[Collected data entries]
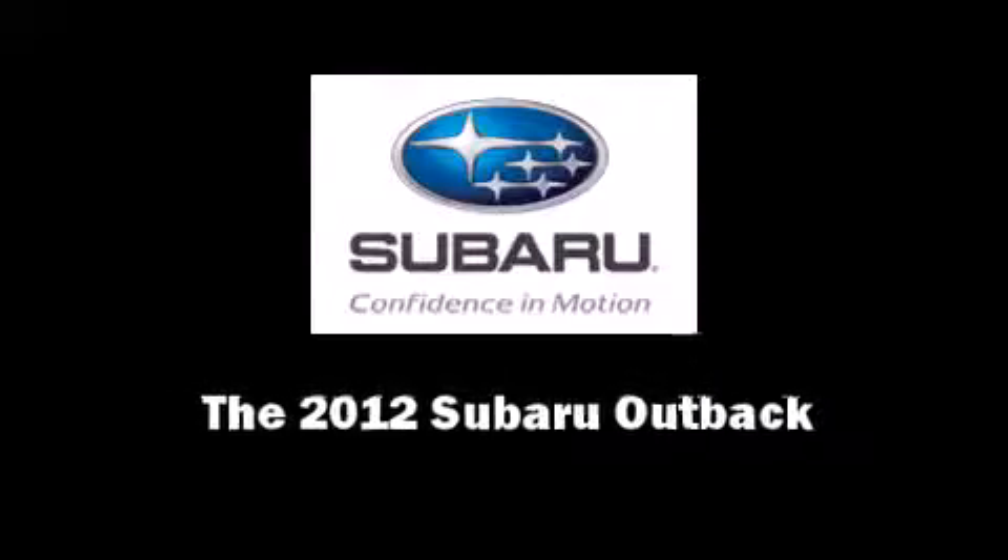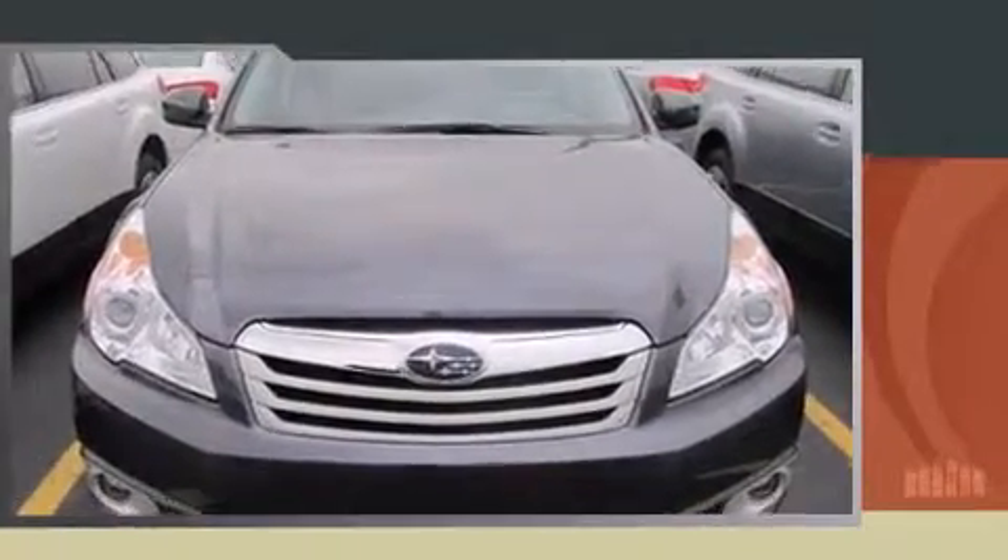Familiarize yourself with the 2012 Subaru Outback. This four-door, five-passenger wagon will allow you to take command of the road with confidence.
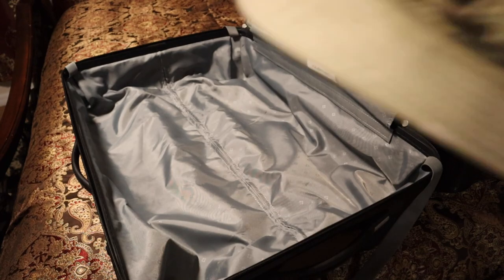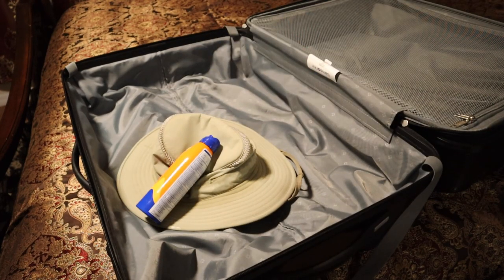Packing for a nudist resort can pose some real challenges. You might be wondering what the heck you should be bringing. You might think you only need to bring a hat and sunscreen — and yes, that's partly right, but there's more to it. Some people struggle with choosing the right items, worry about what to wear, or fret over personal hygiene products and toiletries. Plus, if you're not used to being nude around others, the whole experience can feel a little overwhelming, and that does not help the planning process. So it's important to plan ahead and pack wisely to ensure your time at the resort is comfortable and enjoyable. Let's explore the key items you're going to want to pack.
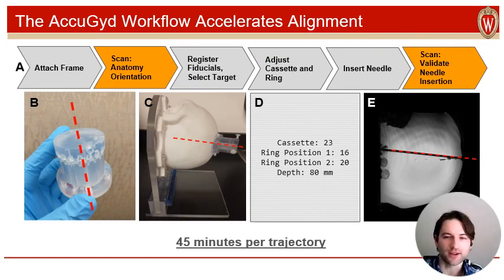Our device, the AccuGuide, circumvents this iterative phase by allowing the trajectory alignment to be achieved in 45 minutes using only a single scan. Users attach the guide, take one scan, and then using a target picked on that scan, companion software will tell users specific quantized adjustments to make to the device's configuration to aim the channel appropriately. Users may then immediately move to inserting their devices through its channel. This workflow has been validated in both a series of phantom trials and tests performed on human cadavers.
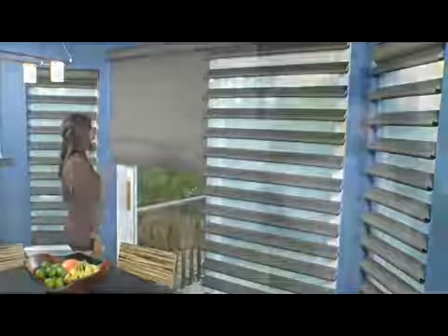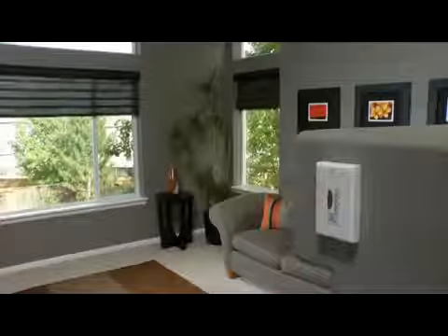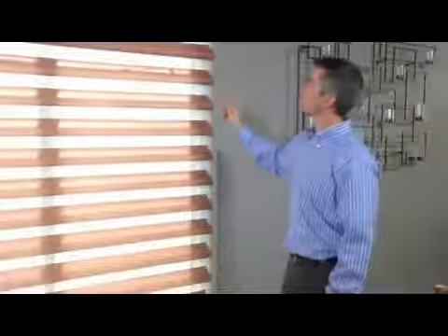The shadings are available with two manual lifting systems or with a motorized system that responds to remote or wall switch controls. With any of these systems, you may flatten the veins for a smooth finish, slightly raise the veins for a gentle contoured look, or fully open the veins to provide a clear view to the outside.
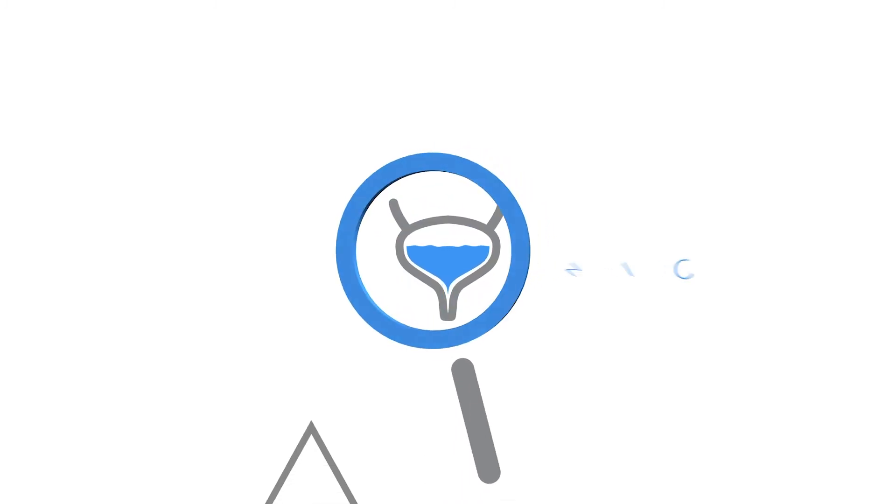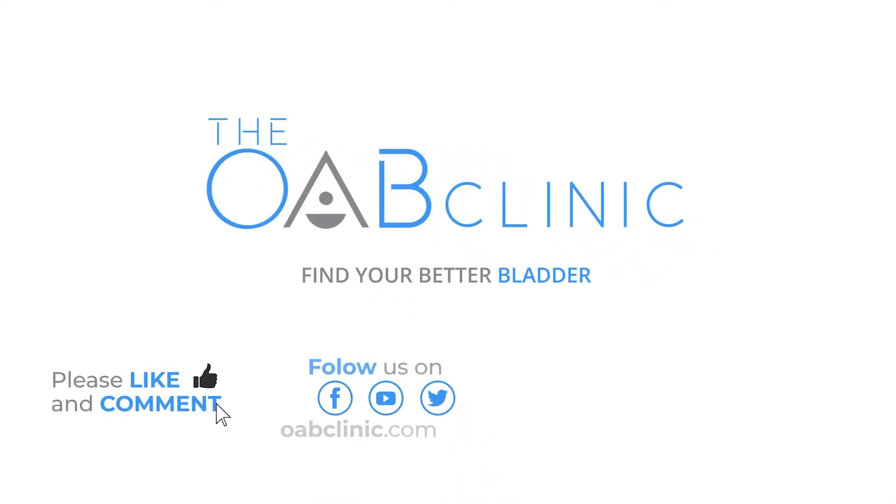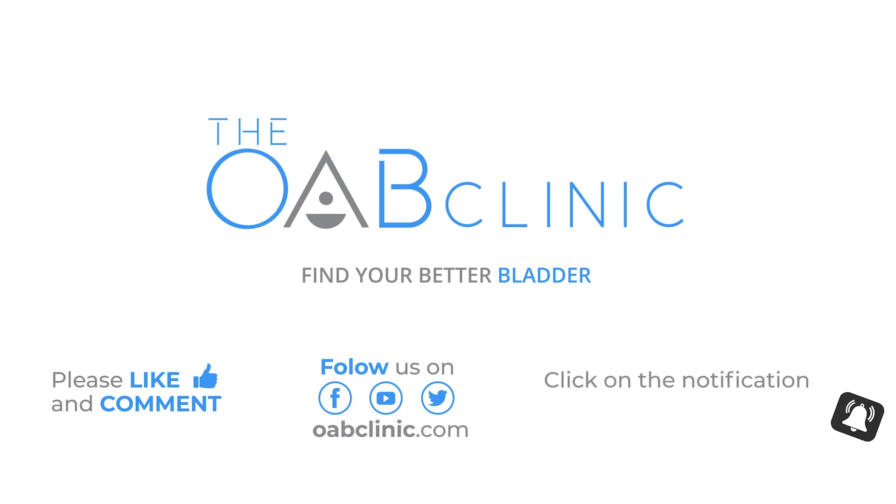If you enjoyed learning more about OAB today, please like or subscribe to this channel and stay up to date with more information about bladder health. Or visit the OAB Clinic website at oabclinic.com for even more discussion about bladder and pelvic health. Thanks for joining today, and I hope you've come closer to finding your better bladder. We'll see you next time.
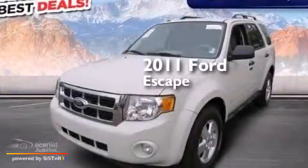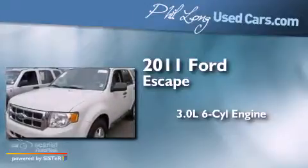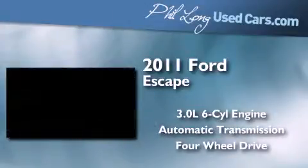This is a 2011 Ford Escape. It has a 3.0-liter six-cylinder engine, an automatic transmission, and the added capability of four-wheel drive.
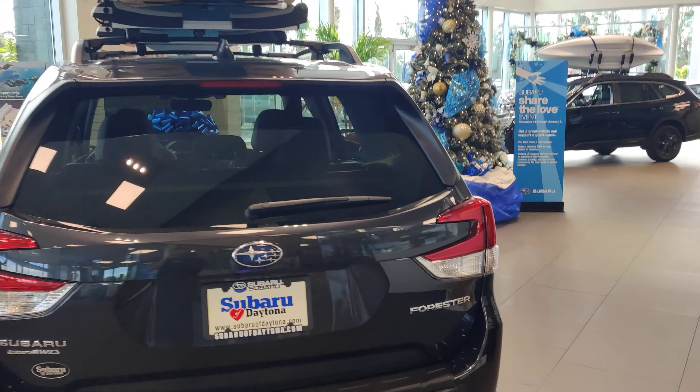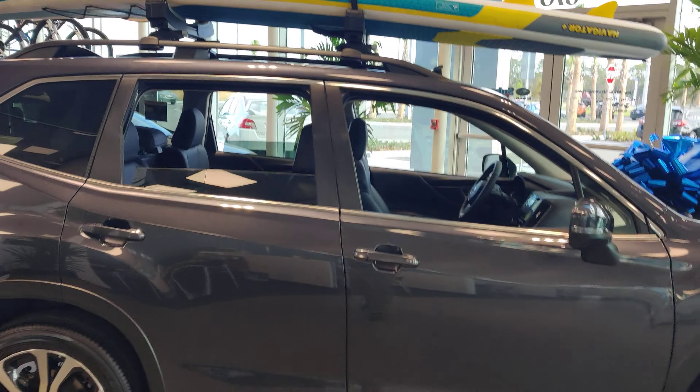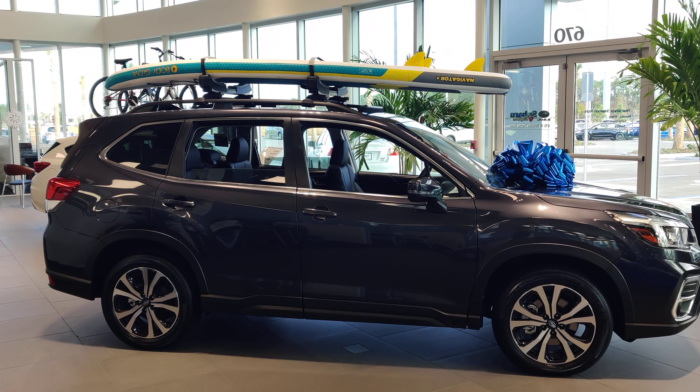I'd love to answer any questions you have about the vehicle. Please feel free to give me a call. My office line is 386-236-4030. Thank you very much and have a great day. Bye now.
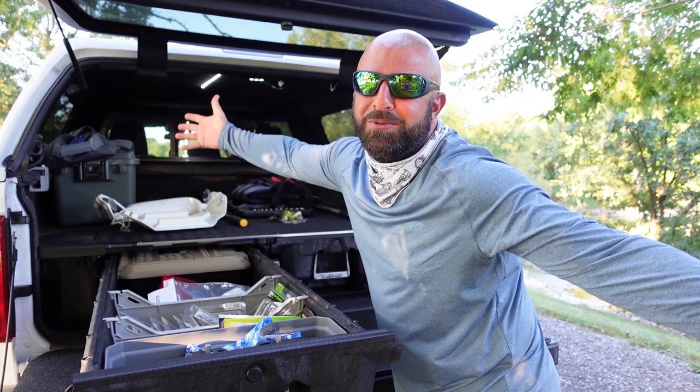Welcome to my rolling tackle shop, tackle junkies! If you guys have not subscribed to the channel yet, definitely consider subscribing. Don't forget to ring that bell so you guys are notified every time I release a new video. Always smash the thumbs up and leave some comments down below.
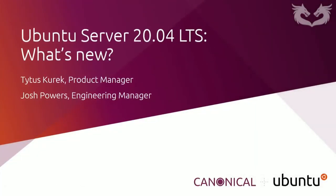Hello everyone, welcome to this webinar. Thank you very much for joining us. My name is Titus Kurek, I'm a product manager at Canonical, and today together with my colleague Josh Powers, who's an engineering manager at the Ubuntu Server team, we're going to talk about everything new in Ubuntu Server 20.04 LTS. It was released a week ago and it's already available for download. We're absolutely excited about this release because it brings a lot of improvements and exciting features that enhance Ubuntu Server across multiple areas.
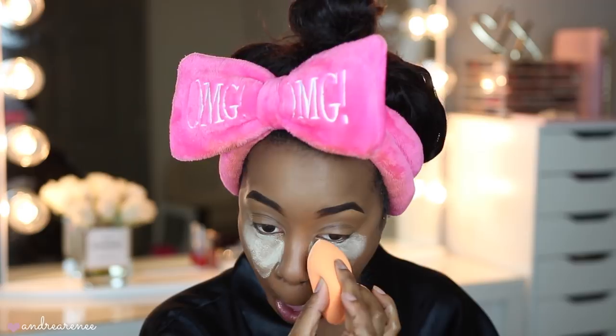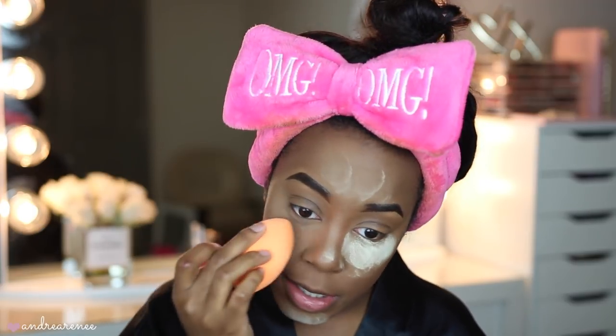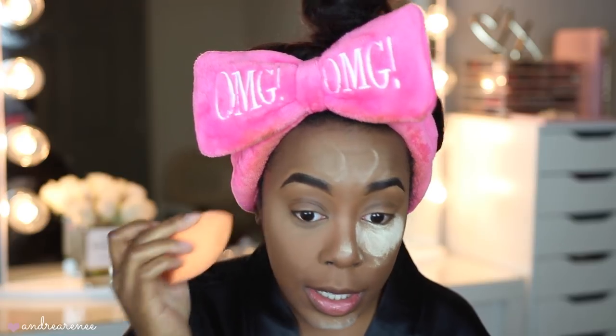I think I dumped too much! I'm going to use my Real Techniques sponge to apply this. I've been using a sponge to apply my setting powder lately — I just like how they apply. Let me take my thumbnail real quick. It's actually setting my under-eye really nicely; it looks so airbrushed under there.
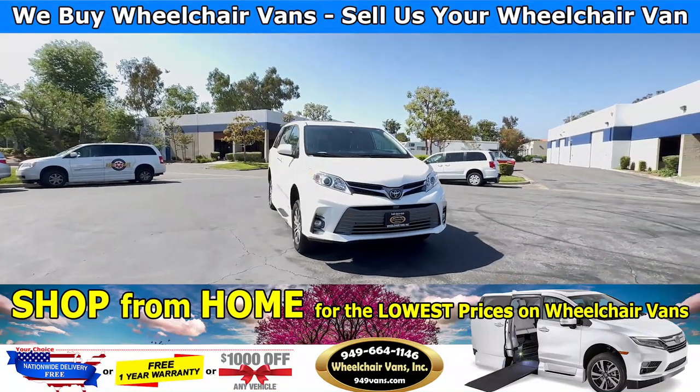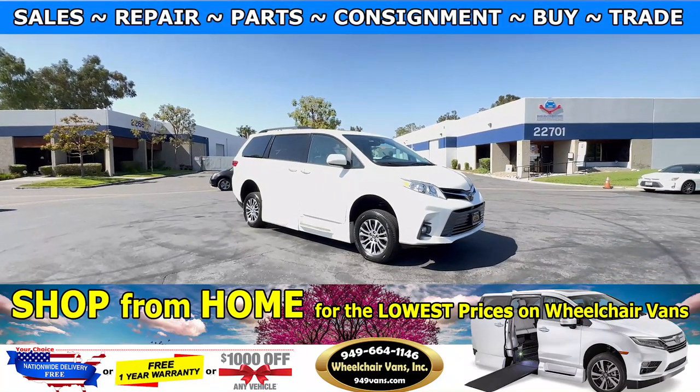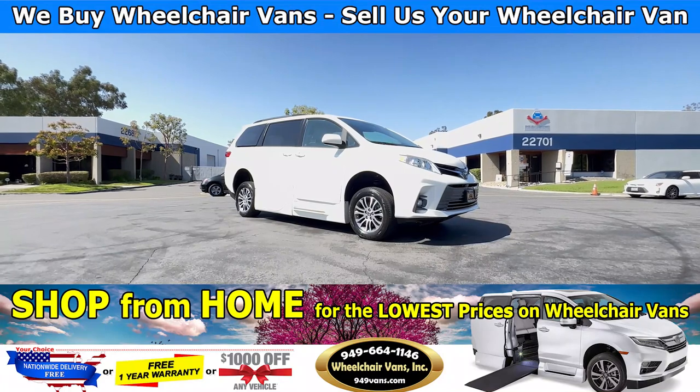Hello and welcome to Wheelchair Vans Inc. Today we will be going over a 2019 Toyota Sienna equipped with the VMI Northstar Power OneTouch system.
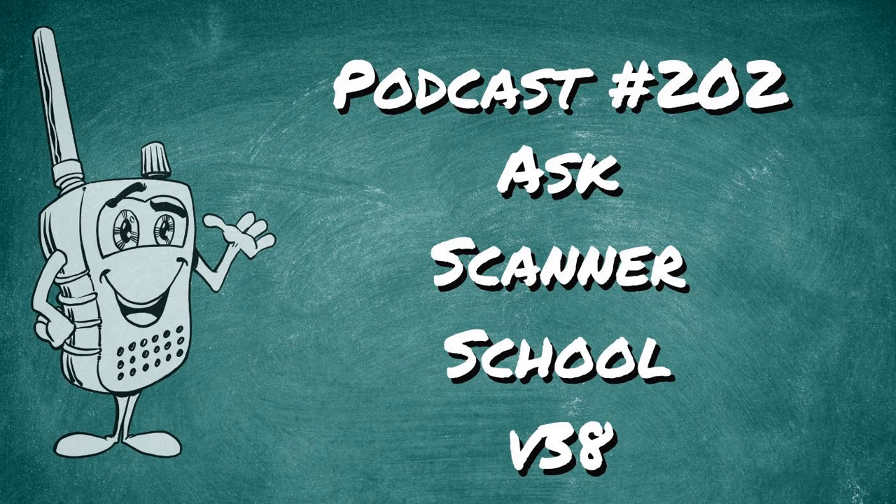Our very first question for this month comes from our brand new Patreon supporter, John. He asked: I'm new to software-defined scanners, and I have decided to purchase the SDS-100. I live near San Diego and I will be scanning just about everything except for trains and planes. I don't mind spending the extra money for whatever I need. I'll be ordering from Scanner Master. What do you suggest I purchase as far as software, antennas, etc.? After I receive the scanner, I'll be contacting you for a one-on-one to get me up to speed.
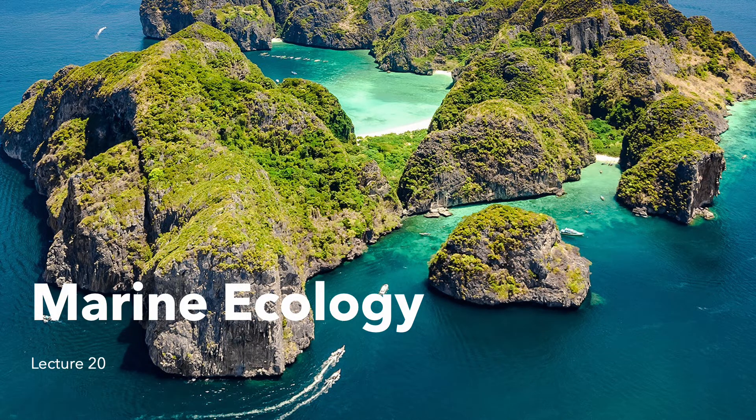Today we're going to have a lecture on marine ecology. Initially I'd planned for this to be an island ecology lecture, but then we incorporated things like marine mammals and it really wasn't island specific. So we're making it a broader marine ecology lecture.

> What is needed: Copy nothing but the lines above from the one with "This is a 2011" to the one with "I'd love to", inclusive, word for word. Leave every picture out.

> Response to the exercise:
This is a 2011 Ford Escape. It has a 3.0-liter six-cylinder engine, an automatic transmission, and the added capability of four-wheel drive.
I'd love to answer any questions you have about the vehicle. Please feel free to give me a call. My office line is 386-236-4030. Thank you very much and have a great day. Bye now.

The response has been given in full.